- [What is needed]: Among the entries below, find the line with "New release Rae" and the line with "Women's Street chic". Return exactly those lines and every line between them, but no pictures.

- [Data]:
*****
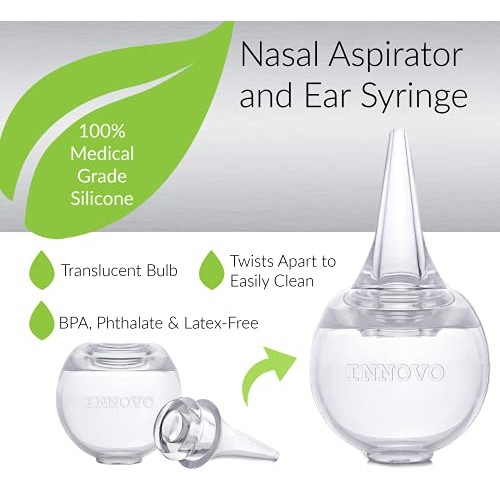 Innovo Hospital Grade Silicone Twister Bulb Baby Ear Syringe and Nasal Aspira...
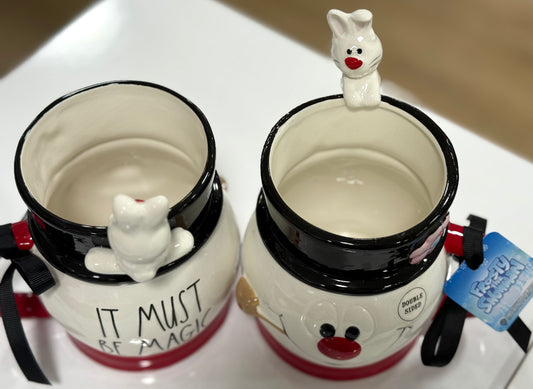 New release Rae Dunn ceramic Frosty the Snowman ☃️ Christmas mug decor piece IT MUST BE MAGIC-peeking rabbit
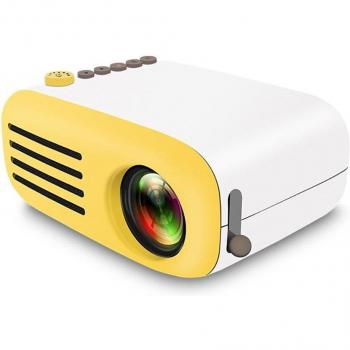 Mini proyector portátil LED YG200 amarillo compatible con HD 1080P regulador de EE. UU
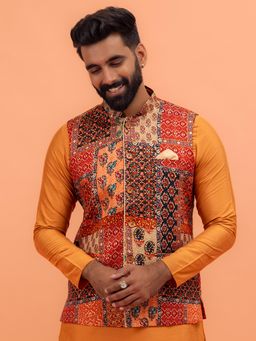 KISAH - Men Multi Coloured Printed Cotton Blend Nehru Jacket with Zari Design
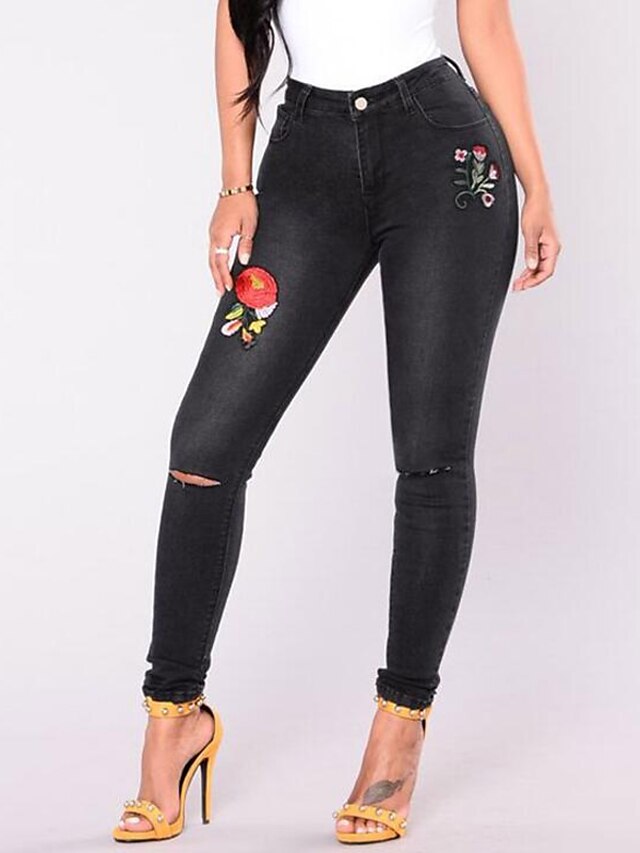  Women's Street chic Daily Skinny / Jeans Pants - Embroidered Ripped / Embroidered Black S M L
*****
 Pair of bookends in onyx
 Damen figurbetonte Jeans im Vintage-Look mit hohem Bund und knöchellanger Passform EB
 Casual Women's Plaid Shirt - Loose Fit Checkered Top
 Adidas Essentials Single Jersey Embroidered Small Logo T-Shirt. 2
*****
- [Exercise result]:
 New release Rae Dunn ceramic Frosty the Snowman ☃️ Christmas mug decor piece IT MUST BE MAGIC-peeking rabbit
 Mini proyector portátil LED YG200 amarillo compatible con HD 1080P regulador de EE. UU
 KISAH - Men Multi Coloured Printed Cotton Blend Nehru Jacket with Zari Design
  Women's Street chic Daily Skinny / Jeans Pants - Embroidered Ripped / Embroidered Black S M L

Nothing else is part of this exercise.